Nimrod, like other Israelis who spoke with Newsweek about Trump and Israel earlier this month, said Trump's grandiose promises to Israel are having a counterintuitive effect, emboldening Israel's hard-right settlers and putting the prime minister in a political bind with his conservative-coalition government, some members of whom want him to go even further on settlements than he already has.

Nimrod says Netanyahu's "basically threatening the entire world with Israeli retaliation" for voting for the Security Council resolution was political grandstanding to protect himself from his right flank. The rightist Home party, for example, wants to immediately legalize and annex settlements in the West Bank, thereby ending any glimmer of hope for the so-called two-state solution long sought by the U.S.

"I don't think any of [Netanyahu's threats] have anything to do with foreign policy," Nimrod says, adding that the prime minister has "for a long time been concerned with the possibility that the U.S. would take a step in order to enshrine a legacy in terms of the Israeli-Palestinian situation."

The heated reaction by Netanyahu and his government suggest they believe the 14-0 Security Council vote is damaging to their international—and perhaps domestic— standing. Nimrod says, speaking of the prime minister, "That Security Council resolution may be the defining moment, the beginning of the end of his tenure."

Netanyahu's crowd also fears, Makovsky said, that all this will feed into another anti-settlement push in Europe in early January, when France is set to host a peace conference with the world's foreign ministers. Israel has already said it will boycott that event.

There is speculation in the Israeli press that the European conference could adopt many of the parameters Kerry laid out in his speech and then call for them to be approved in a U.N. vote before January 20, when Obama leaves office.

Many Palestinians applauded Kerry's speech but expect it to have little practical effect. Palestinian lawyer Zaha Hassan, a Middle East Fellow at the New America foundation, praised Kerry but suggested it could leave Palestinians in an even more fragile position when Trump moves into the White House.

"No other high-ranking U.S. official has ever discussed the Israel-Palestine conflict, and what is at stake if Israeli settlement construction on Palestinian land is allowed to continue unabated, as eloquently as Secretary Kerry just did," Hassan says. "However, the timing of Kerry's parameters—just as a pro-settlement U.S. administration is about to take the reins of power—is not only too little, too late, but Kerry's call for Palestinians to relinquish certain legal rights and claims, and to recognize Israel as a Jewish state, could also have the effect of putting Palestinians in the occupied territories and inside Israel in an even more vulnerable position."

Former Kerry adviser Goldenberg says he believes Obama might have wanted Kerry to give a similar speech two years ago, when he was leading Palestinian-Israeli negotiations. "But that's not Kerry's style," Goldenberg says. "He much prefers to work things privately. And once those negotiations started to collapse, I think Kerry would have been happy to lay down this speech, but at that point, the president's view was: Why, when both sides reject it, take the political heat?"

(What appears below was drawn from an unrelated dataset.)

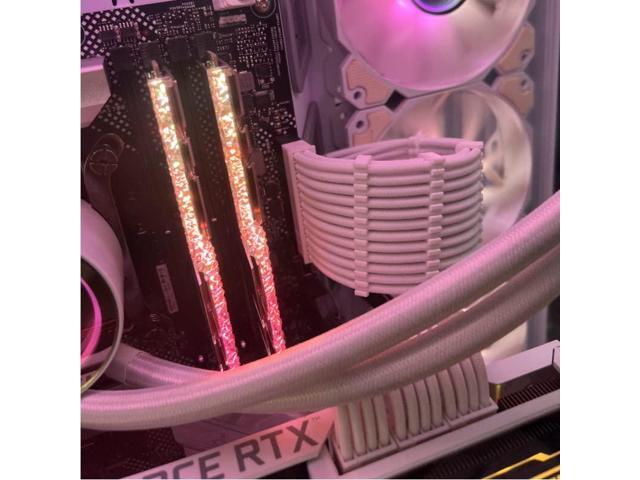 PSU Cable Extension Kit 30CM Length with Combs,1x24Pin/2x8Pin(4+4) EPS/3x8Pin(6P+2P) PCI-E/PC Sleeved for ATX Power Supply,White, All-White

The conundrum for Kerry and Obama, Makovsky told reporters on a conference call, is whether "by putting out what you think would be the end deal, are you going to bring these countries closer?… Or does this become a new baseline of defiance?"

In Washington, retired U.S. Ambassador to Saudi Arabia Chas Freeman, who has compared American support for Israel over the years to enabling an alcoholic, says the speech reminds President-elect Trump just how much Israel will be depending on him. "Netanyahu's condemnations of the U.S. failure to continue to act unilaterally to protect Israel against international condemnation of its policies just highlights the extent to which Israel—and, by extension, the United States—is now isolated in the international community."